Kobus: Garam Asin vs Garam Tawar


Minggu, 08 Februari 2014 Hari Minggu Biasa V

Minggu, 08 Februari 2014
Hari Minggu Biasa V
   
“Kamu adalah terang dunia. Demikianlah hendaknya terangmu bercahaya di depan orang, supaya mereka melihat perbuatanmu yang baik dan memuliakan Bapamu yang di surga." (Mat 5:14.16)

Antifon Pembuka (Mzm 95:6-7)
   
Marilah bersujud dan menyembah, berlutut di hadapan Tuhan, Pencipta kita, sebab Dialah Allah kita.
 
Venite adoremus Deum,
et procidamus ante Dominum:
ploremus ante eum, qui fecit nos:
quia ipse est Dominus Deus noster.
Venite exsultemus Domino:
iubilemus Deo salutari nostro.
Gloria Patri...

Doa Pagi

Ya Allah, peliharalah senantiasa keluarga-Mu dengan kasih sayang. Karena hanya rahmat-Mu yang menjadi dasar harapan dan andalan kami, maka jagailah kami selalu dalam perlindungan-Mu. Dengan pengantaraan Yesus Kristus, Putra-Mu, Tuhan kami, yang bersama Dikau dan dalam persatuan Roh Kudus, hidup dan berkuasa, sepanjang segala masa. Amin.

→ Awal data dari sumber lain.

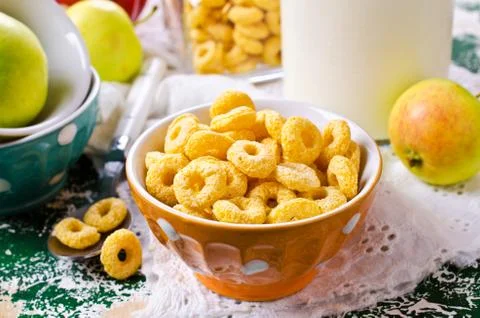 Round dry cereal Stock Photos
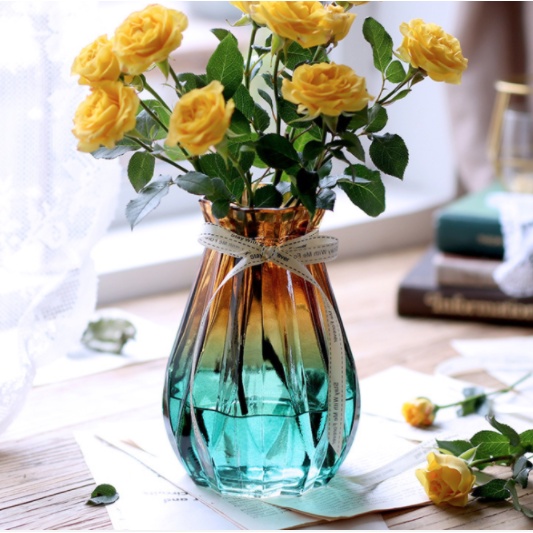 Vaso de vidro flores decorativo Colorido 15cm | Shopee Brasil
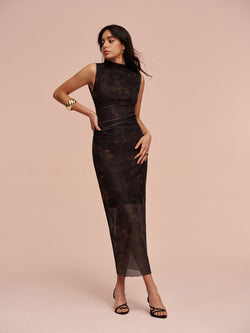 Jersey Lined Sleeveless Mesh Dress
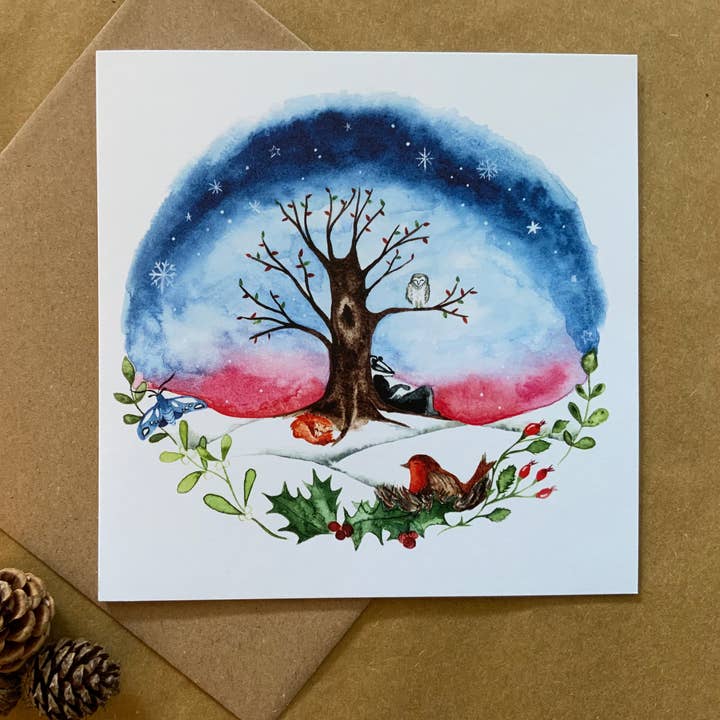 Winter Nap - Beaitful snowy winter scene for wholesale by deer dawn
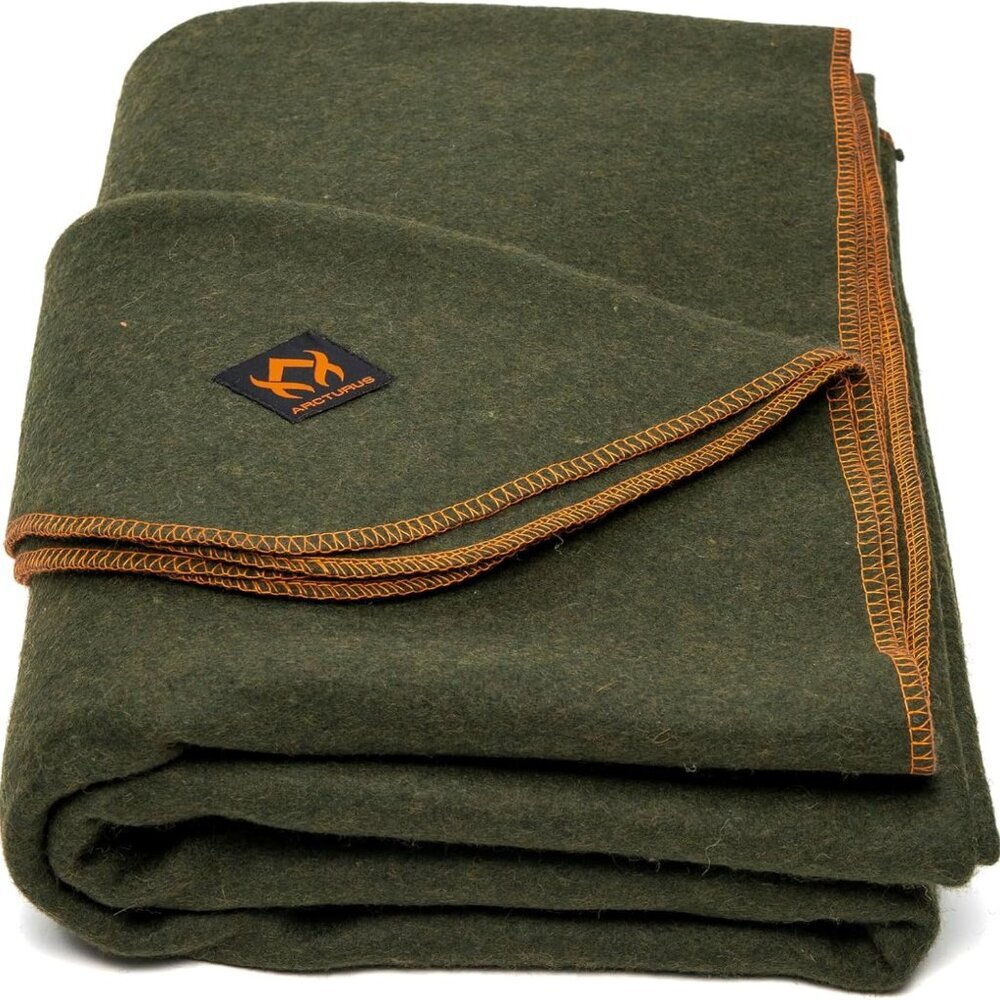 Military Wool Blanket - Warm, Thick, Washable - Great for Outdoors, Camping, Sta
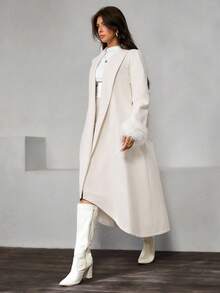 Rafferiza Abrigo largo de mujer de unicolor minimalista, otoño/invierno - Beis - Ver 5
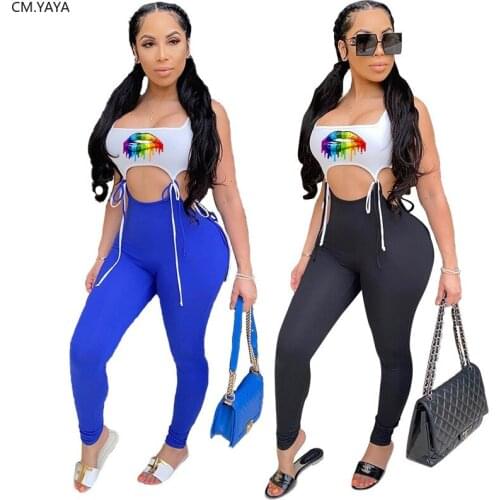 CM.YAYA Women Sport Two Piece Set Lips Tank Tops Leggings Jogger Sweatpants Suit Tracksuit Matching Set Outfits Overalls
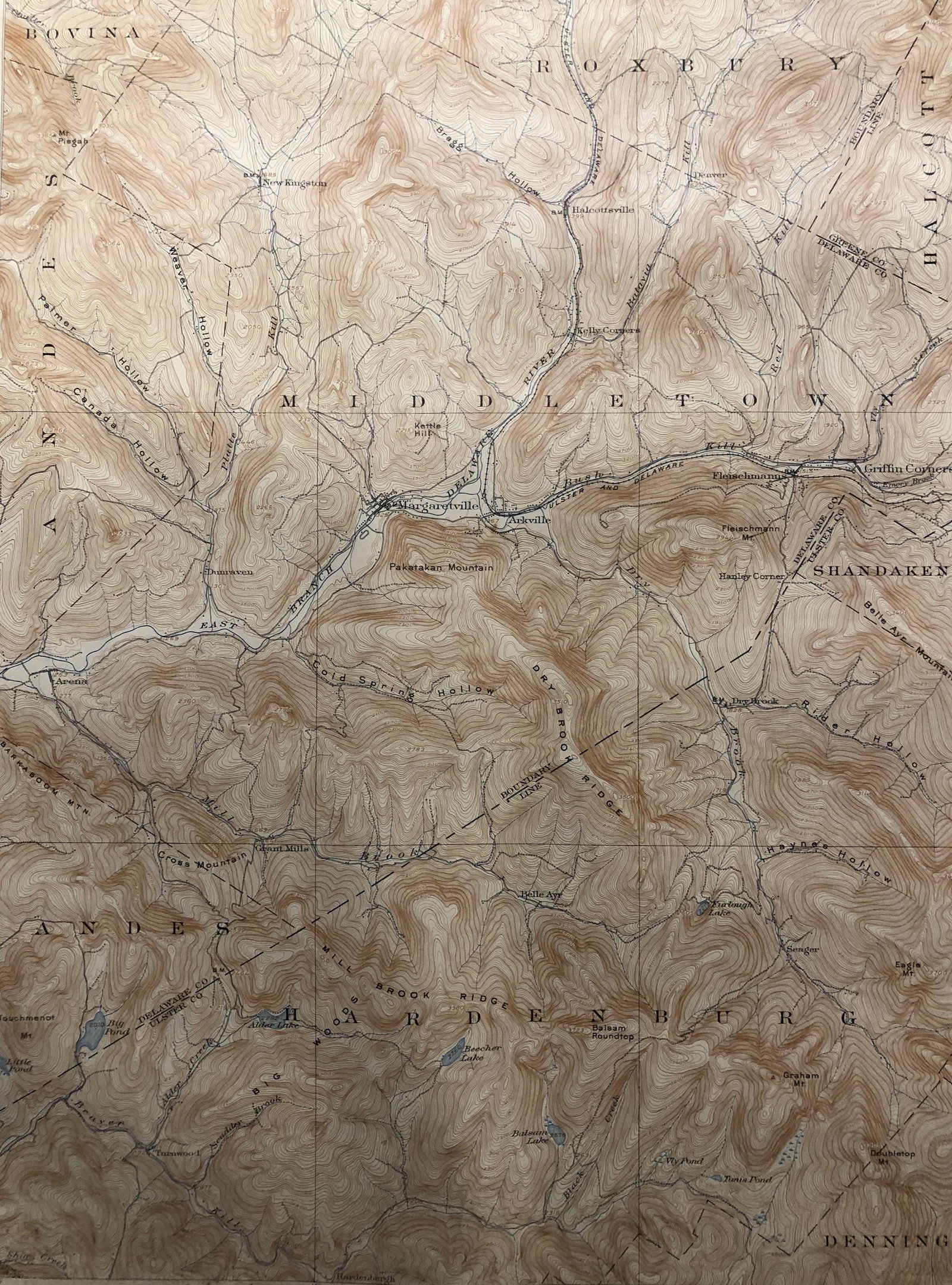 1947 NY Margaretville Quadrangle Geological Survey Map: Description: Vintage 1947 NY Margaretville Quadrangle Geological Survey Map, reprinted from a 1904 edition. H.M. Wilson, geographer in charge, control by Gilbert Young, Oscar Jones, E.L. McNair, topog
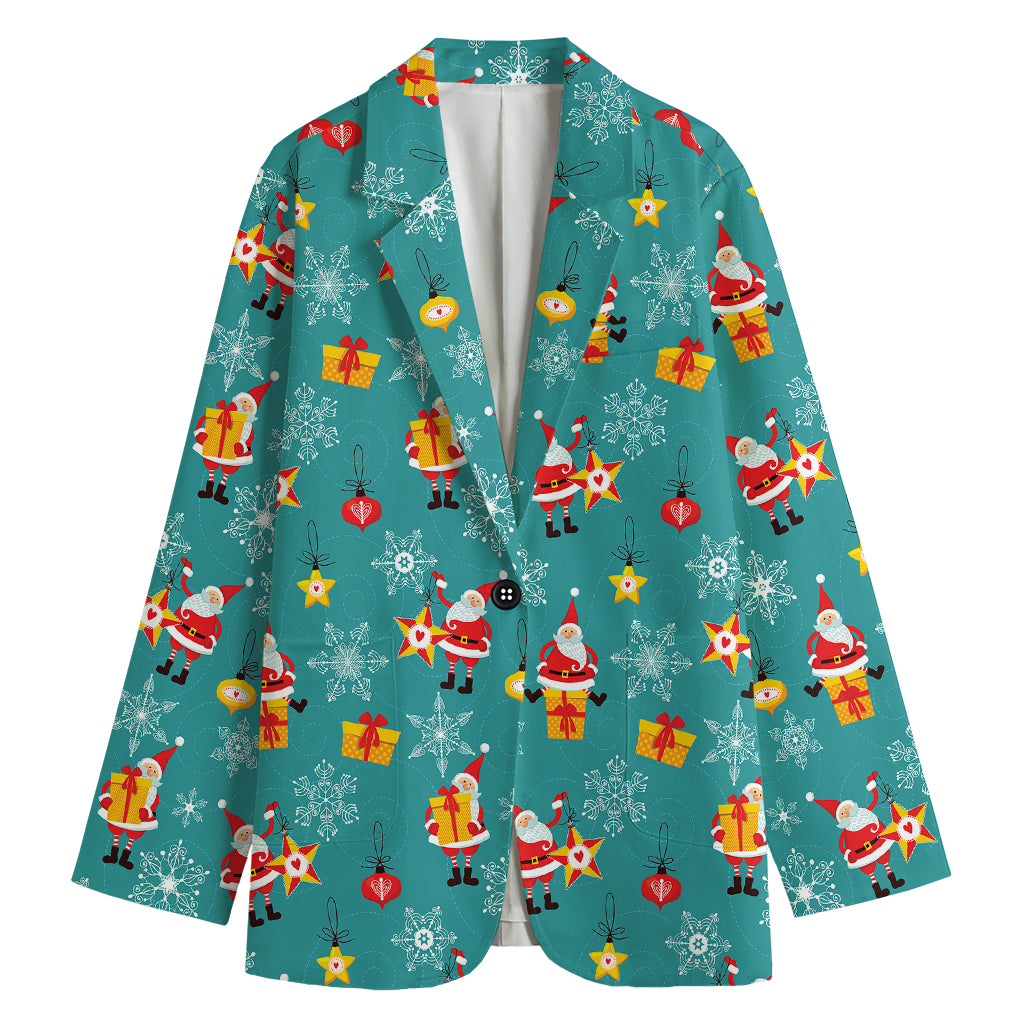 Christmas Santa Gift Pattern Print Women's Cotton Blazer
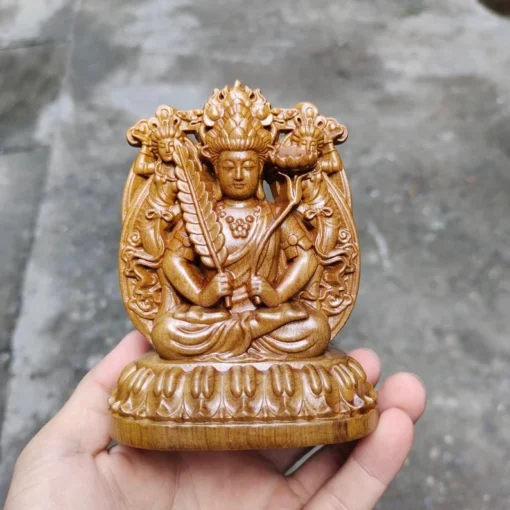 Akasagarbha Bodhisattva Wooden Statue - 4.7" - Double-Sided, Handcrafted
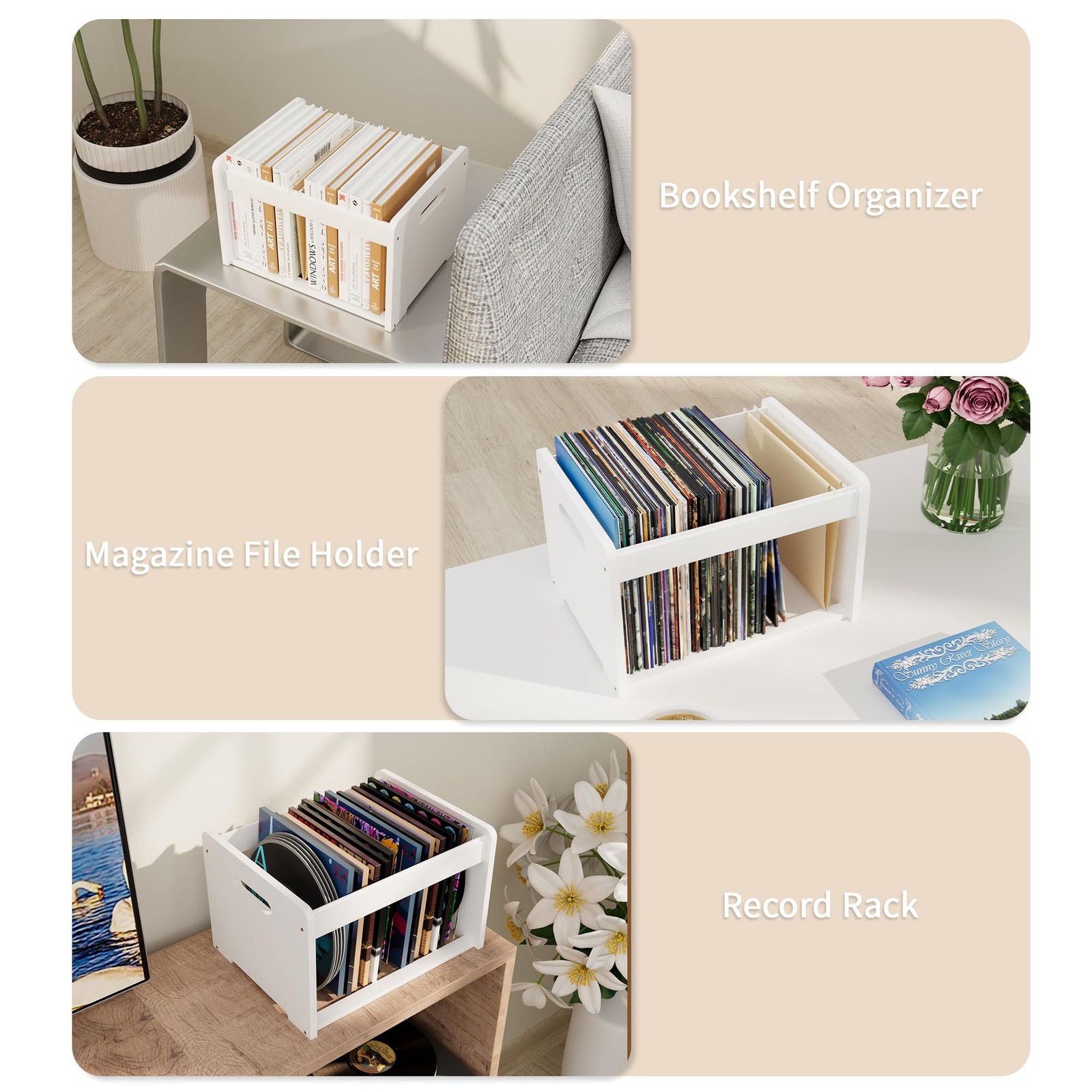 LONTAI Bamboo Hanging File Organizer, Wood Desk 1 Pack-Classic, White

Bacaan dari Kitab Yesaya (58:7-10)
 
  
"Apabila engkau menyerahkan kepada orang lapar apa yang kauinginkan sendiri, maka terangmu akan terbit dalam gelap."
 
Beginilah firman Tuhan Allah, “Aku menghendaki supaya engkau membagi-bagikan rotimu kepada orang yang lapar, dan membawa ke rumahmu orang-orang miskin yang tak punya rumah; dan apabila engkau melihat orang telanjang, supaya engkau memberi dia pakaian, dan tidak menyembunyikan diri terhadap saudaramu sendiri! Pada waktu itulah terangmu akan merekah laksana fajar, dan luka-lukamu akan pulih dengan segera. Kebenaran menjadi barisan di depanmu dan kemuliaan Tuhan menjadi pengiringmu. Pada waktu itulah engkau akan memanggil Tuhan dan Ia akan menjawab; engkau akan berteriak minta tolong, dan Ia akan berkata, ‘Ini Aku!’ Apabila engkau tidak lagi mengenakan kuk kepada sesamamu, dan tidak lagi menunjuk-nunjuk orang dengan jari dan memfitnah; apabila engkau menyerahkan kepada orang lapar apa yang kauinginkan sendiri, dan memuaskan hati orang yang tertindas, maka terangmu akan terbit dalam gelap, dan kegelapanmu akan seperti rembang tengah hari.”
Demikianlah sabda Tuhan.
U. Syukur kepada Allah.

Mazmur Tanggapan, do = f, 2/4, PS 859
Ref. Bagi orang benar Tuhan bercahaya laksana lampu di dalam gulita.
Ayat. (Mzm 112:4-5.6-7.8a.9; Ul: 4a)
1. Bagi orang benar Tuhan bercahaya laksana lampu di dalam gelap Ia pengasih dan penyayang serta berlaku adil. Orang baik menaruh belaskasihan dan memberi pinjaman, ia melakukan segala urusan dengan semestinya.
2. Orang jujur tidak pernah goyah; ia akan dikenang selama-lamanya. Ia tidak takut kepada kabar buruk, hatinya tabah, penuh kepercayaan pada Tuhan.
3. Hatinya teguh, ia tidak takut, ia murah hati, orang miskin diberinya derma. Kebajikan tetap untuk selama-lamanya, tanduknya meninggi dalam kemuliaan.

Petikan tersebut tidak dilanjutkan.